● **Extracted data entries**:
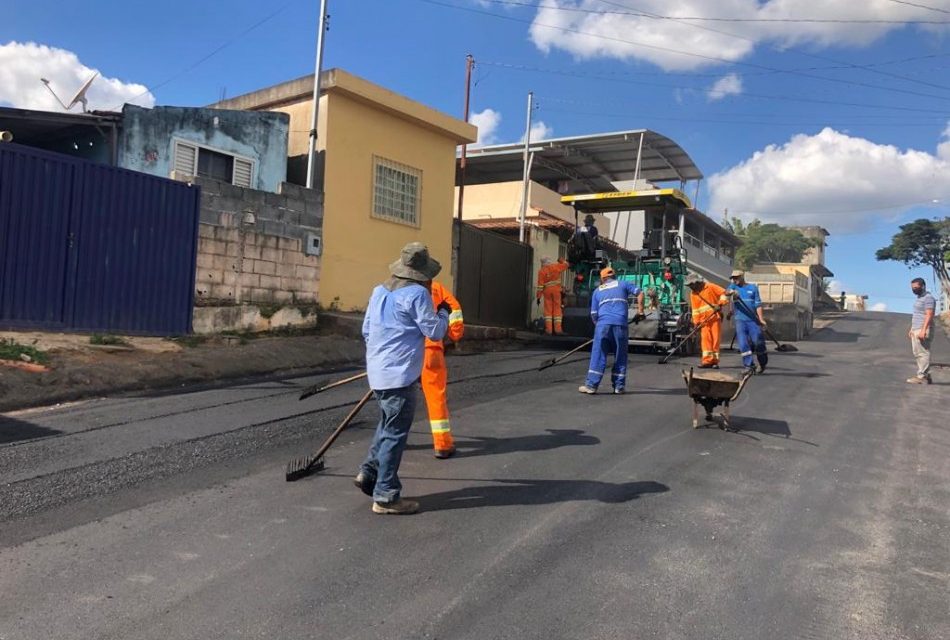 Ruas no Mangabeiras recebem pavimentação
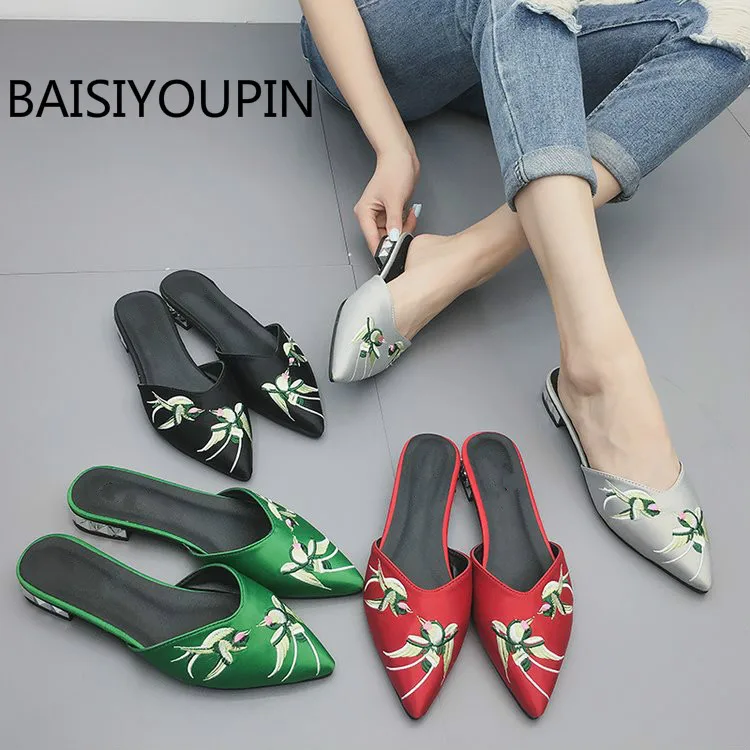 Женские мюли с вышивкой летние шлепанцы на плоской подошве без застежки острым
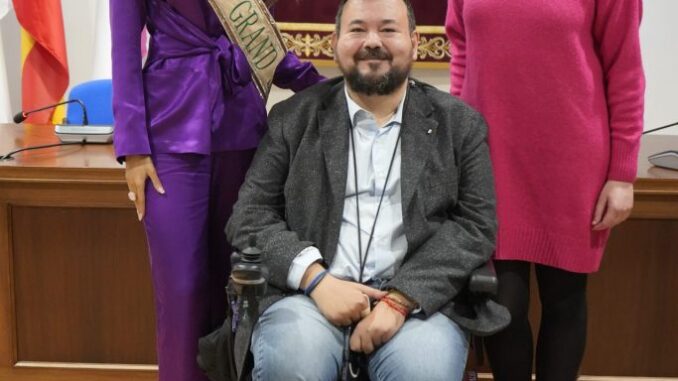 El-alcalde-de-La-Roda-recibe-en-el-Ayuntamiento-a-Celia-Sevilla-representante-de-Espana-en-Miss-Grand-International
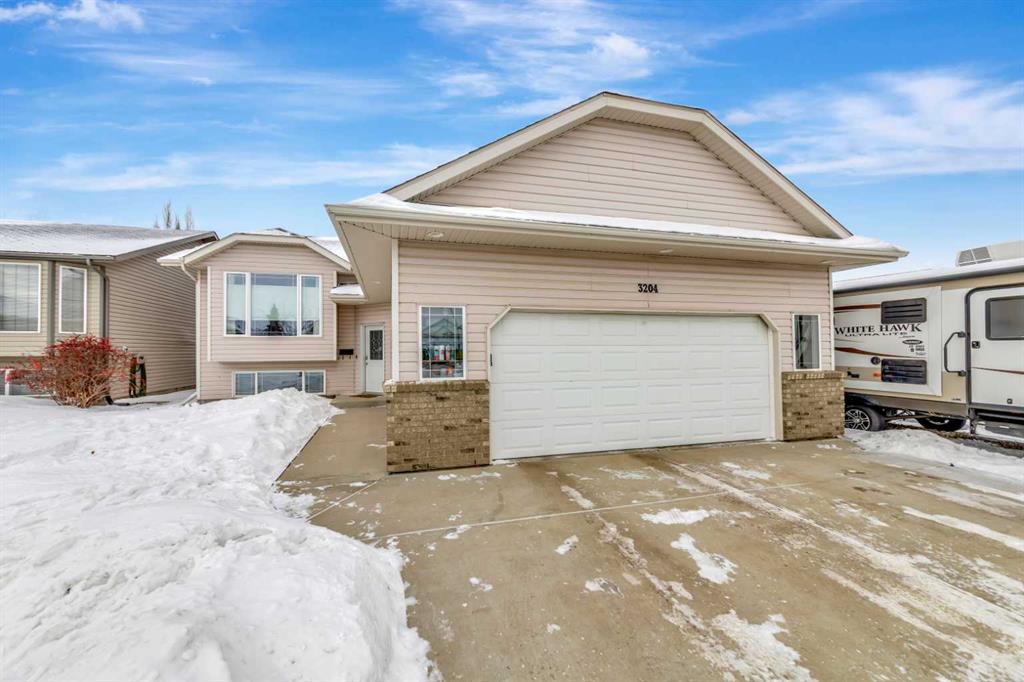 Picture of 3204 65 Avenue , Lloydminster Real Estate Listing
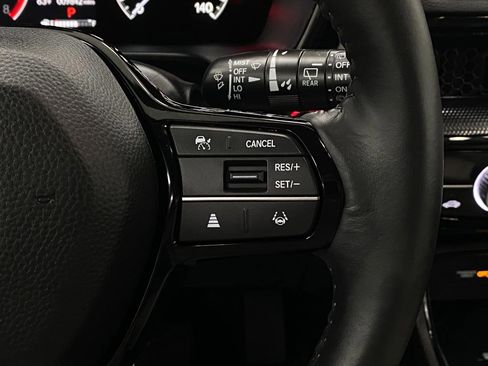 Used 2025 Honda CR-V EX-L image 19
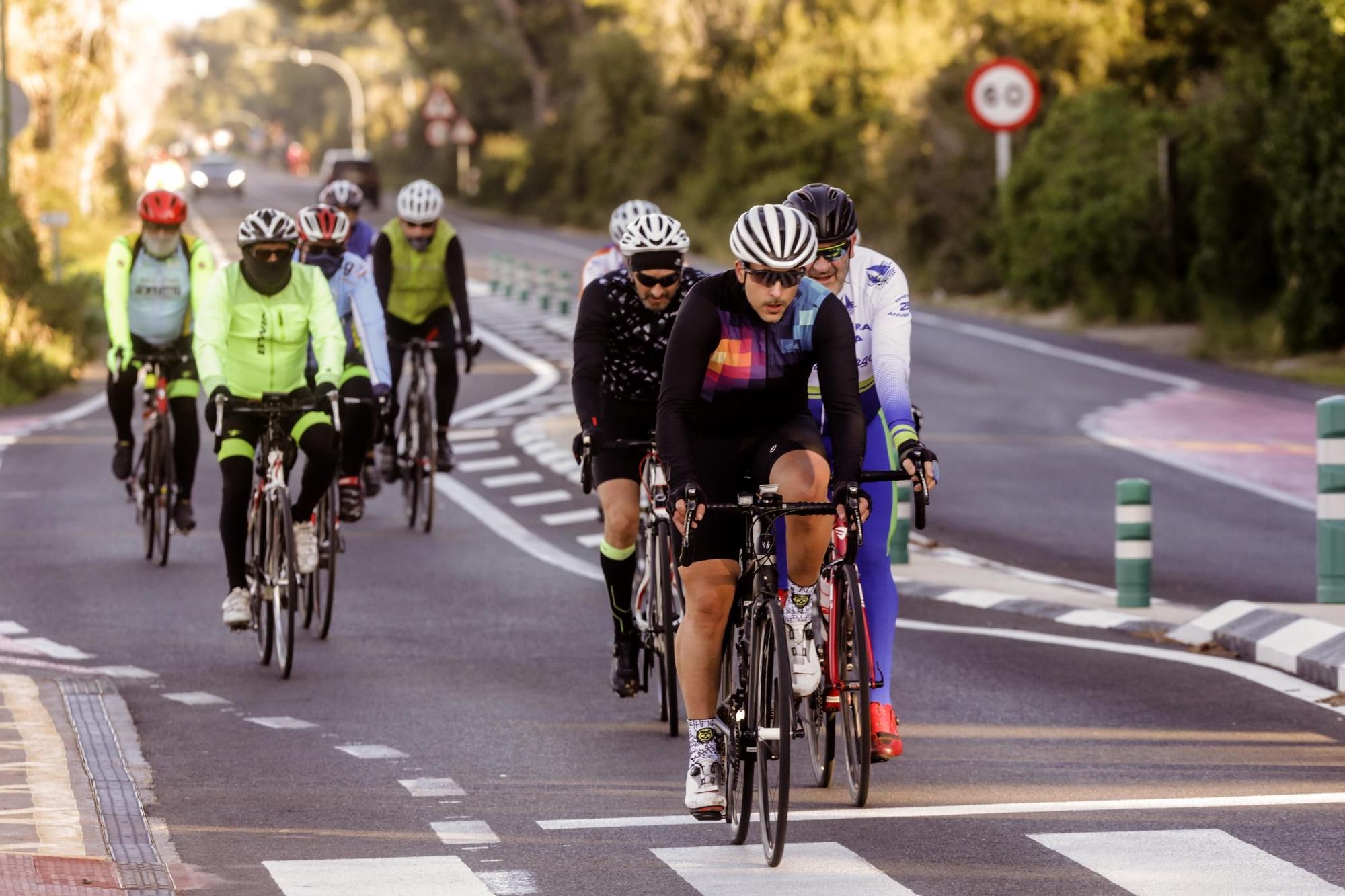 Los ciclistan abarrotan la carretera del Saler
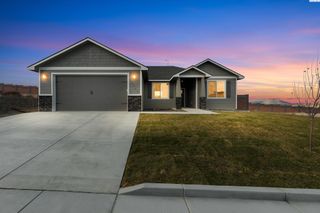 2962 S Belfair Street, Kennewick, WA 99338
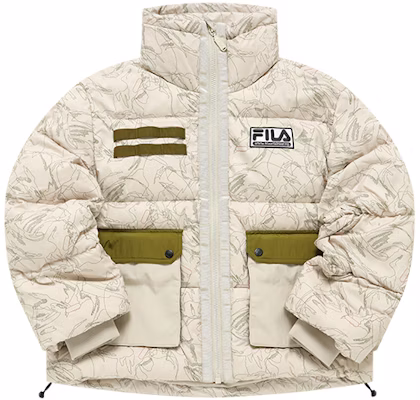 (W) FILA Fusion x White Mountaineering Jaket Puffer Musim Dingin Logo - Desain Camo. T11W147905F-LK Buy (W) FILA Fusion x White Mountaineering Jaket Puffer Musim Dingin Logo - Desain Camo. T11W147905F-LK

● **DIRECTIONS FOR THIS TASK**:
Exactly the lines from the one holding "Женские мюли с" through the last line of the entries must be set down, with nothing added and no pictures.

● **COMPLETED EXERCISE**:
 Женские мюли с вышивкой летние шлепанцы на плоской подошве без застежки острым
 El-alcalde-de-La-Roda-recibe-en-el-Ayuntamiento-a-Celia-Sevilla-representante-de-Espana-en-Miss-Grand-International
 Picture of 3204 65 Avenue , Lloydminster Real Estate Listing
 Used 2025 Honda CR-V EX-L image 19
 Los ciclistan abarrotan la carretera del Saler
 2962 S Belfair Street, Kennewick, WA 99338
 (W) FILA Fusion x White Mountaineering Jaket Puffer Musim Dingin Logo - Desain Camo. T11W147905F-LK Buy (W) FILA Fusion x White Mountaineering Jaket Puffer Musim Dingin Logo - Desain Camo. T11W147905F-LK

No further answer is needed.